If you agree, pass this on, if not, simply delete.
In God We Trust
Most of these emails are aimed at getting a rise out of someone, and this one is no different.  It must have got a rise of some kind out of us or we wouldn't be blogging about it. 

But just to be clear:  we don't like to blog about religion here at Kansas City News because people should be allowed to believe whatever they want about religion, and it's no one's business but their own.  My simple philosophy has always been that no one has ever come back from the dead to tell us what the correct beliefs are now have they?  That's really all you need to know about religion - NO ONE KNOWS.  Just believe what you want - and more importantly, keep it to yourself.
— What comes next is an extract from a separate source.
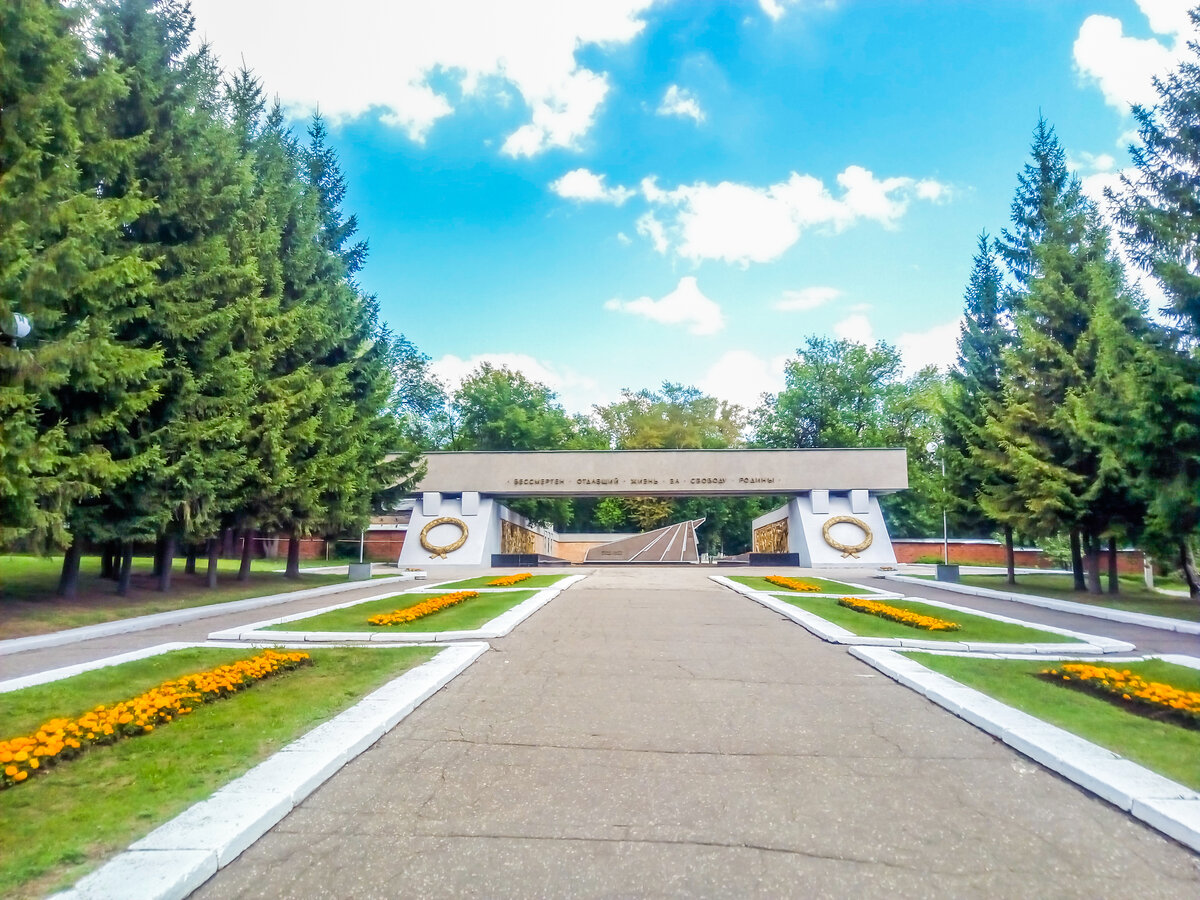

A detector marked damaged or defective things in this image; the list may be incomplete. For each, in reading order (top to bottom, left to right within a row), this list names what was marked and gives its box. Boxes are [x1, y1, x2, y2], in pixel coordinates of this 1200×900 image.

cracked pavement [192, 566, 1195, 897]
Some analysis was done by About.com on this particular email, basically proving that, like most of these stupid emails, it is a hoax.  Here's what they found:

Analysis: Some versions of this 2004-vintage email claim NBC pollsters were "shocked" or "surprised" to learn that such a large percentage of respondents (86%) voted in favor of keeping the words "under God" in the Pledge of Allegiance and "In God We Trust" as the national motto. The point we're supposed to take away, evidently, is that the mainstream press is rife with Godless cretins who neither share nor understand the religious convictions of average Americans.
There's no evidence to suggest that anyone at NBC actually reacted that way to such a poll, however, and in point of fact it wouldn't have made sense if they had, given that the same questions constantly turn up in public opinion polls, and the results are always roughly the same.
It's unclear whether NBC actually conducted a "Do you believe in God?" poll around the time these messages first surfaced (2004). If they did I couldn't find evidence of it, though I gather from secondhand sources that NBC subsidiary CNBC did conduct a survey more or less along those line in March 2004, asking participants if the words "under God" should be removed from the Pledge of Allegiance. The results broke down similarly to those stated in the email: 85% answered no (meaning they favored keeping the phrase "under God," and 15% answered yes.
Public opinion polls have produced strikingly similar results over the years:
  • A Newsweek poll in 2002 found that 87% of respondents favored keeping "under God" in the Pledge, and 9% were against.
  • In 2003, a Gallup poll found that 90% of Americans surveyed were in favor of the inscription "In God We Trust" on U.S. coins. In addition to the 8% who said they opposed it, 2% said they didn't know.
  • A 2004 Newsweek poll yielded 87% in favor of keeping "under God," 12% against, and 1% "not sure."
  • An online poll launched by MSNBC in 2005 posed the question, "Should the motto 'In God We Trust' be removed from U.S. currency?" When last I checked the results, 89% had voted no and 11% had voted yes.